Le traitement nature dure ici dix-huit jours sur des lits surélevés, retournés à la main deux fois par jour pour éviter que la fermentation ne bascule dans la surfermentation. Ce que vous goûtez en tasse est structurel : une acidité de bergamote qui persiste jusqu'en finale, des volatils de jasmin qui montent dans la vapeur, une douceur de pêche blanche sans lourdeur, et un mouthfeel miellé qui enrobe sans saturer. Le corps est proche du thé — plus d'un thé blanc Silver Needle que de ce que la plupart des gens attendent d'un café. Nous le torréfions à un niveau City, en arrêtant le développement juste à la fin du premier crack, préservant la clarté inhérente de la variété.
C'est un café qui récompense la patience. Infusez à 93 °C plutôt qu'à ébullition, et laissez-lui le temps en tasse. La première gorgée à 65 °C révélera les floraux et les agrumes vifs. À 50 °C, les fruits à noyau émergent. À température ambiante — ce que nous vous recommandons d'expérimenter au moins une fois — les notes de miel dominent et la texture devient presque glycérique. Ce n'est pas un café du matin au sens espresso-et-croissant. C'est un café avec lequel on s'assoit, idéalement dans une tasse en céramique blanche qui met en valeur la limpidité de l'infusion.
Pour qui : la personne qui aime déjà les Éthiopiens lavés et veut comprendre ce que fait le Gesha différemment. Le bariste amateur qui possède une balance et un thermomètre et s'en sert.
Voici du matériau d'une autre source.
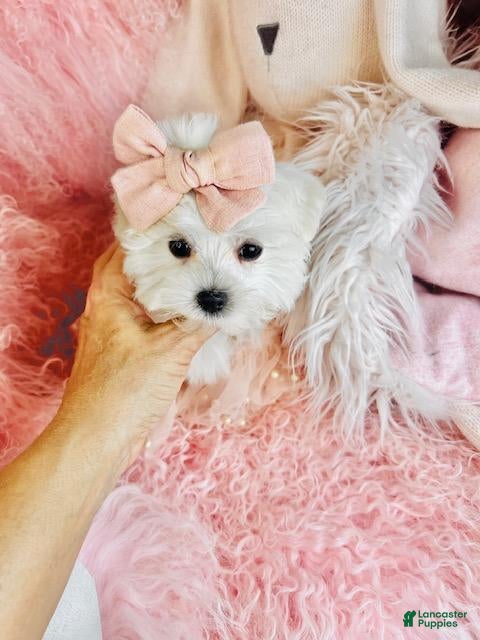 Maltese dogs Maltese 1 - Ad 2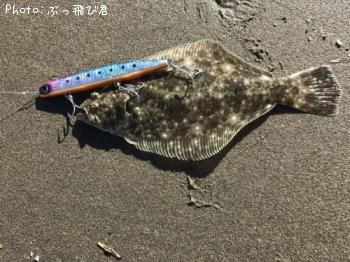 ¥Ò¥é¥á¡Ê¥½¥²¡Ë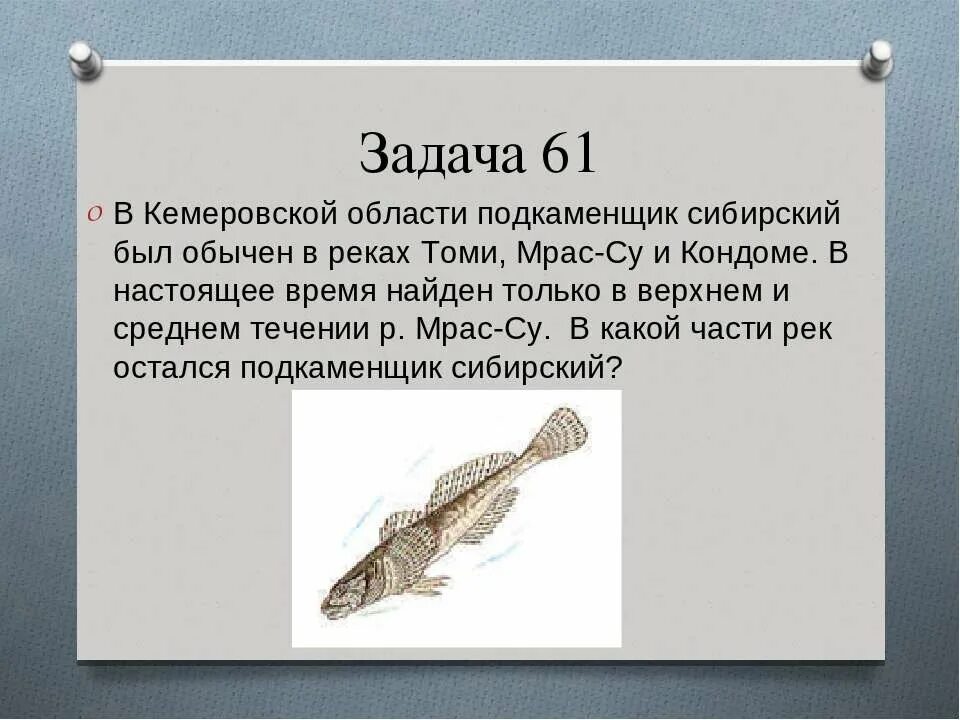 Томи значение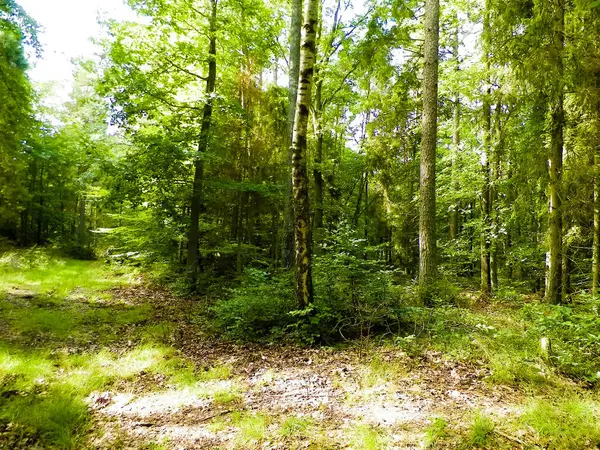 Vahşi orman manzarası. Yeşil orman güneşli bir günde, yaz mevsiminde. Güzel doğa Pomerania - Kuzey Polonya bölgesi.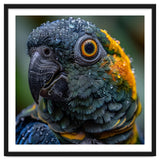 Close Up Of A Wet Macaw Parrot Head thumbnail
L'acheteur qui équilibre quatre cafés dans sa rotation et réserve une place pour quelque chose qui coûte plus par tasse qu'un verre de bon vin. Le Gesha est cher parce que l'offre est limitée et la demande structurelle — ce n'est pas du marketing. Finca Las Hermanas a produit onze sacs cette année. Nous en avons acheté deux. Quand il sera épuisé, il faudra attendre la prochaine récolte.
Infusez-le en méthode filtre ou en immersion. L'espresso est possible — nous l'avons tiré à des ratios 1:3 avec des extractions de vingt-huit secondes — mais vous perdrez une partie des sommets floraux qui justifient le coût. Si vous découvrez le Gesha, commencez par un V60 à 1:16 et ajustez à partir de là. Dégustez-le à côté d'un heirloom éthiopien lavé pour comprendre ce que cinq euros supplémentaires aux cent grammes vous apportent. La différence n'est pas subtile.